Les villes argentines surgissent de l’immense plaine qu’est la pampa. Elles déploient des architectures Art déco, Art nouveau ou modernistes – parfois démesurées par rapport aux formats européens – calquées sur des modèles parisiens ou même madrilènes. L’influence nord-américaine se laisse aussi percevoir dans la fonctionnalité sans éloquence de centres d’achats ou de nouveaux quartiers résidentiels à accès contrôlé, dénommés des country-clubs.
Dans la ville de Tigre, banlieue éloignée de Buenos Aires, au bord d’une confluence de rivières se jetant dans le grand Rio de La Plata, j’ai vu la remarquable rétrospective de l’œuvre du sculpteur Hernán Dompé, né dans la capitale en 1946. Son art aux éléments expressionnistes et monumentaux contient un foisonnement néobaroque : éclectisme en dialogue avec un tréfonds culturel autochtone.

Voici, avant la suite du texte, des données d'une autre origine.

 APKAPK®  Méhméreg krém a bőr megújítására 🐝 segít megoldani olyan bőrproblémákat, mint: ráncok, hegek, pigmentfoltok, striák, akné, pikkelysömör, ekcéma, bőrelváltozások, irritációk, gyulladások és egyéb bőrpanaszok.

Dompé crée des objets ironiques à forte connotation archétypale : fusils courbes, effrayantes arbalètes décorées de cornes certes absolument inutilisables, mais attestant une curieuse fureur guerrière.
La même aspiration à rendre compte d’une complexité d’aspects psychiques et naturels peut être observée dans l’œuvre d’Alicia Penalba (1913-1982), à qui le Musée d’Art latino-américain de Buenos Aires (MALBA) a consacré une ample rétrospective. Elle a développé sa carrière au sein du milieu artistique parisien au cours des années qui ont suivi la Deuxième Guerre mondiale. Son style essentiellement cubiste – elle a étudié auprès du sculpteur d’origine russe Ossip Zadkine – tire son attrait de l’aura des organismes vivants ainsi que des formes iconographiques autochtones, notamment totémiques. Les mouvements ascendants rivalisent cependant avec de forts élans horizontaux.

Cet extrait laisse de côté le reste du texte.